Cuando su hija cumplió un año, Dina notó que no hablaba. Lo comentó durante uno de los controles en el Centro de Salud Bahía Blanca, en Ventanilla, y allí le recomendaron acercarse al colegio Sembrando Juntos, uno de los espacios donde Socios En Salud ha implementado su intervención de desarrollo infantil temprano. Así fue como identificaron que su pequeña presentaba un riesgo de retraso en el área social y del lenguaje.
“A ella le gusta ir. A mí también, me ha dado más experiencia”, dice Dina.
Aunque aún no habla, su hija se detiene en cada página del álbum. Mira con asombro, señala las figuras, sonríe. A su manera, se comunica. Y para su mamá, que vive con la inquietud de ese silencio prolongado, verla reaccionar así es un alivio. Un pequeño paso. Una forma de recuperar la esperanza.

Dina carga a su hija con cariño desde lo alto de su comunidad en la costa de Lima.
Foto de Diego Diaz / SES
Creciendo con CASITA
Hace seis años, Dina dejó Huánuco para empezar una nueva vida en Lima. Su esposo, que trabaja lejos casi todo el tiempo, le contó que había comprado un terreno en Ciudad Pachacútec, en Ventanilla, un distrito al norte del Callao, y le pidió que se mudara con él. Desde entonces, vive con sus dos hijas en lo alto de un cerro, en una casa de madera con vista al mar.
Moverse desde allí no es fácil. Para ir al mercado, debe bajar una pendiente de tierra, caminar hasta la carretera y tomar un mototaxi.
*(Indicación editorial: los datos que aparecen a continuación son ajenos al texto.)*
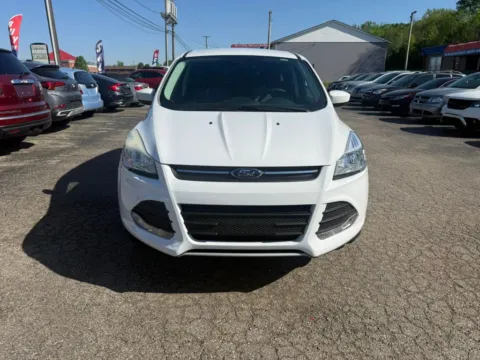 Photos of 2016 Ford Escape SE Sport Utility 4D for sale in Chillicothe, OH at Instant Auto Sales Chillicothe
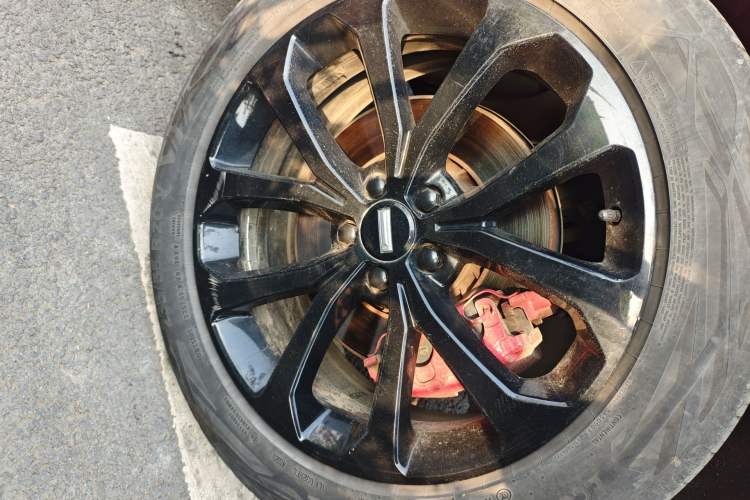 Used Wey VV7 2017 2.0T Ultra-Luxury Version Right Front Wheel Hub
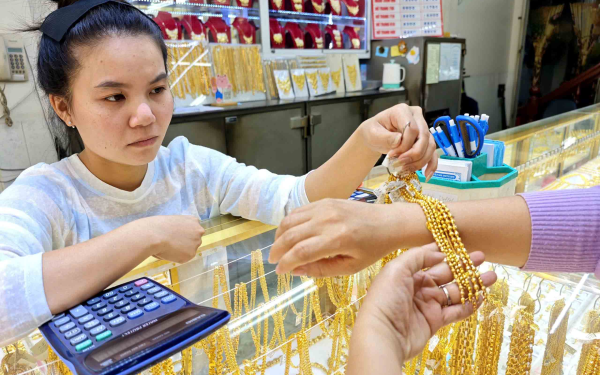 NÓNG: Giá vàng đồng loạt biến động, vàng PNJ chạm đáy
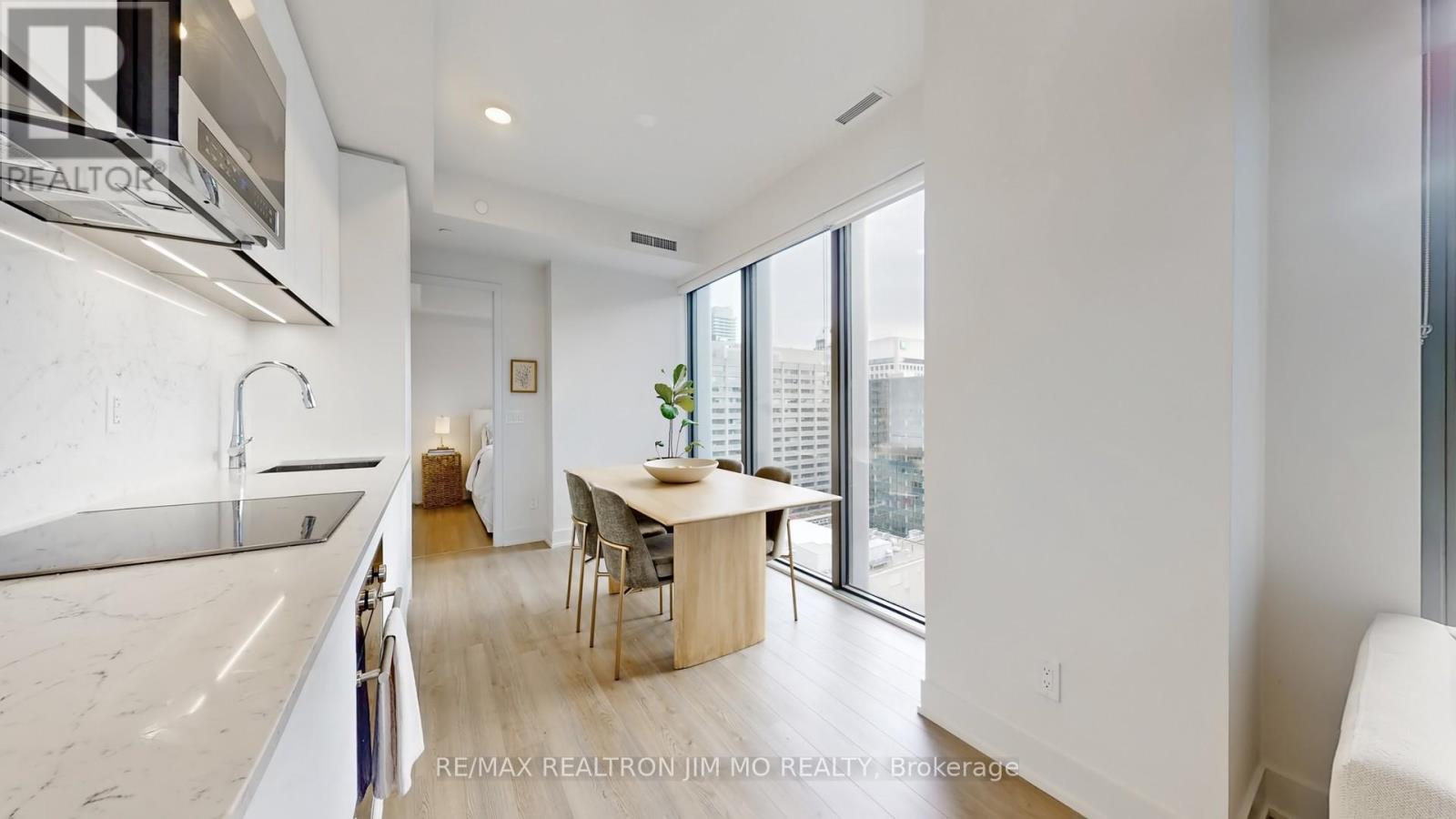 1602 - 8 Cumberland Street, Toronto, Ontario  M4W 0B6 - Photo 16 - C12948768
Un recorrido similar, de alrededor de media hora, hace cada semana para asistir con su hija menor a las sesiones del proyecto CASITA, mientras su hija mayor, de seis años, queda al cuidado de una vecina.
“Es difícil ser mamá”, reconoce. “Para llevarla (a CASITA), yo me dedico tiempo, pero a veces no hay carro, no hay motos…”.
Atender sola a dos niñas es una tarea exigente. Su día empieza a las cinco de la mañana y termina al anochecer, entre quehaceres domésticos. Pero los miércoles, a las tres de la tarde, ese esfuerzo encuentra un propósito claro: ver a su hija menor jugar, reír, pintar, construir con cubos.
“Me gusta, me pone mucho más feliz”, dice Dina.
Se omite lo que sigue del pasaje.